In practice, this translates to a "defense-in-depth" approach spanning the full stack from research through engineering to policy. CEO Adam Gleave articulates it this way: "What makes us unique is that we are willing to do the hard thing and operate across all of those different layers of the stack, from groundbreaking exploratory research to the nitty-gritty engineering scaling work through to more advocacy and sales." The explicit goal is to develop safety techniques, prove they work at scale, get labs to adopt them, and then get governments to mandate them as standards.

Gleave's worldview is pragmatically optimistic. He estimates median timelines of 5-7 years for dangerous autonomous agents and ~14 years for fully autonomous AI organizations. He believes "a rigorous engineering approach" to defense-in-depth can work against constrained threat models, though he acknowledges it may not scale past human-level intelligence: "I don't know if you get past human-level intelligence safely with this."

What They Do

Research. 30+ papers since July 2022 founding. Signature work includes the adversarial attack on superhuman Go AI KataGo, the STACK methodology showing 71% bypass rate against multi-layer defenses (where conventional attacks scored 0%), lie detector training that can make models more honest or better liars depending on training choices, and jailbreak-tuning demonstrating that guardrails on frontier models can be cheaply removed.

Red-teaming. Testing defense-in-depth systems, including their own. The STACK work with UK AISI found that off-the-shelf Gemma 2 with few-shot prompting outperformed purpose-built safety models as a defense layer.

Regranting. $12M from CG for AI safety grantmaking. Nomination-only, no public list of recipients.

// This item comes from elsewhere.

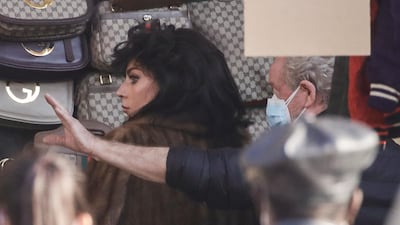 Director Ridley Scott, right, gives instructions to Lady Gaga during the shooting of 'House of Gucci' in Milan, Italy. AP photo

Field building. Alignment Workshop series (80 to 300+ researchers, expanding to 3/year including Asia). ControlConf (with Redwood Research and UK AISI). TIAP policy conference in Washington DC.

Coworking. FAR.Labs in Berkeley hosting ~40 members including AI Impacts, MATS, and independent researchers.

Policy. Selected to lead the EU AI Act CBRN risk consortium (3-year contract, Feb 2026). Co-organized IDAIS bringing together Western and Chinese AI scientists. Spun out Safe AI Forum (SAIF) as independent 501(c)(3).

Consulting. Red-teams frontier labs under NDA. Charges market rates, 10% revenue cap from for-profit developers. 2024 consulting revenue: $429K.

Key People

Adam Gleave (CEO, co-founder). PhD Berkeley under Stuart Russell. Former Jane Street and GSA Capital intern, DeepMind researcher (with Jan Leike, Geoffrey Irving). Board member of METR, SAIF, and LISA. Schmidt AI2050 Fellow. Compensation $229K (2024). In a 2019 interview gave 10% probability to MIRI-style hard alignment and 40% weight to traditional AI risk arguments being unconvincing — more moderate than many safety org founders.

Karl Berzins (President, co-founder). Non-technical; background in corporate strategy (Advanced Navigation, Swire). Compensation $183K (2024).

Ethan Perez (collaborator, not staff). Anthropic research scientist. Early CG grants (~$2.2M, 2021-2024) funded research "led by" Perez through FAR.AI. He appears as a co-PI rather than an employee.

Team size was 11.5 FTEs as of late 2023, growing to 30+ researchers by 2026-2027. The org is hiring a COO to support scaling.

Money and Incentives

Revenue trajectory: $1.5M (2022) to $8.1M (2023) to $24.3M (2024). Net assets: $22.5M as of end 2024.

Funding concentration: 18 Coefficient Giving (formerly Open Philanthropy) grants totaling $59.35M (Oct 2021 - Sep 2025) constitute the vast majority of all funding. The largest single grant is $28.675M (Sep 2025) for 3 years. CG/OP is the dominant funder by a wide margin.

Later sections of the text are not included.